Offenbach’s “Robinson Crusoe” At The Royal College Of Music

N. N.
Royal College of Music Press Release
12 December, 2018

“The Offenbach bi-centenary is being virtually ignored by opera companies in the United Kingdom, so all credit to the Royal College of Music Opera Studio which is a mounting a new production of his Robinson Crusoe at the Britten Theatre in March 2019.” That’s how the official press release announces the happy event.

Poster for the 1867 production of Offenbach's "Robinson Crusoe" at the Opéra-Comique in Paris.

Poster for the 1867 production of Offenbach’s “Robinson Crusoe” at the Opéra-Comique in Paris.

Daniel Defoe’s shipwrecked hero and his Man Friday seem to have made their first appearance on the musical stage as the subject of a pantomime in 1781, written by Sheridan, but the best-known, even if rarely staged, is Cremieux and Cormon’s version of 1867, set to music by Offenbach.

In spite of being a 32-performance failure at Paris’ Salle Favart, it was subsequently played in New York (1875) and, in a much altered version, as Robinsonade in Leipzig (1930). It reached London in 1973 in a production at that year’s Camden Festival and in 1983 was toured by the long-lamented superb Kent Opera – a company that was so good, its Arts Council subsidy was suddenly withdrawn!

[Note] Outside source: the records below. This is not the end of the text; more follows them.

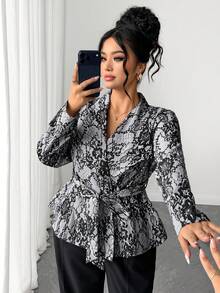 Elenzga Jaket Wanita Ukuran Besar Model A-Line dengan Potongan Acak Elegan, Bahan Dasar Abu-abu, Motif Renda Imitasi, Bahu Reguler, Lengan Panjang, Kerah Lebar, Kancing Ganda, Kancing Mutiara, dan Pita, - Grey - View 3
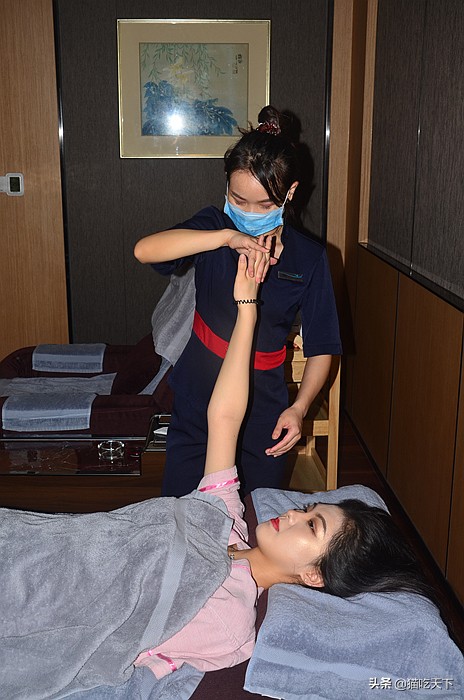 高温天气宅家不无聊,高温暴雨都挡不住人们游玩的步伐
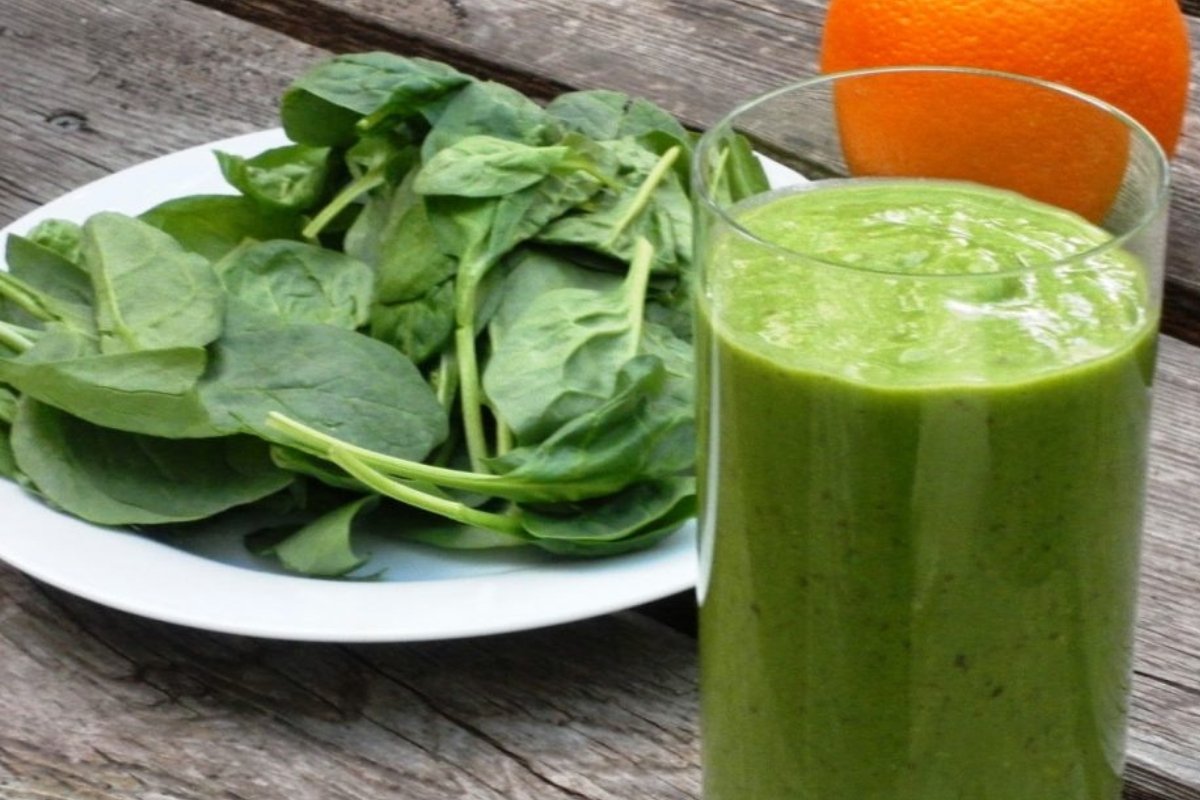 دراسة تكشف السر: كوب أخضر يوميًا يقلل خطر الجلطات بنسبة كبيرة!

Offenbach’s light-hearted story is loosely based on Daniel Defoe’s classic novel which celebrates its 300th anniversary in 2019, and is a sea-faring adventure set against a backdrop of colonialism and cannibalism. It follows the fate of hopeless romantic Robinson, who sets sail for South America with dreams of finding a fortune for his fiancée Edwige. It’s anything but plain sailing for our hero, however, who ends up shipwrecked on a desert island. And when Edwige launches a rescue mission, she too finds herself at the mercy of pantomime pirates and waltzing cannibals.

The opera-comique is sung in the English version of Don White, is directed by Bill Bankes-Jones and conducted by Michael Rosewell.

A complete recording is available using Don White’s translation on the Opera Rara label; the singers include Marilyn Hill-Smith, Enid Hartle and John Brecknock, amongst others, many of whom appeared in Kent Opera’s production, and who seem to have the ‘Offenbach’ style cultivated by Sadler’s Wells Opera on the 1960’s and 1970’s.

Tickets (£10-£50) for the RCM performances will be available from 30 January online.

For more information, click here.

There is one comment

  1. shane brown

    This is wonderful news. I fell in love with Crusoe when I was about thirteen, some thirty years ago. I borrowed the Opera Tara recording from the local library so much that in the end they told me to keep it. Really hope to get to London for this.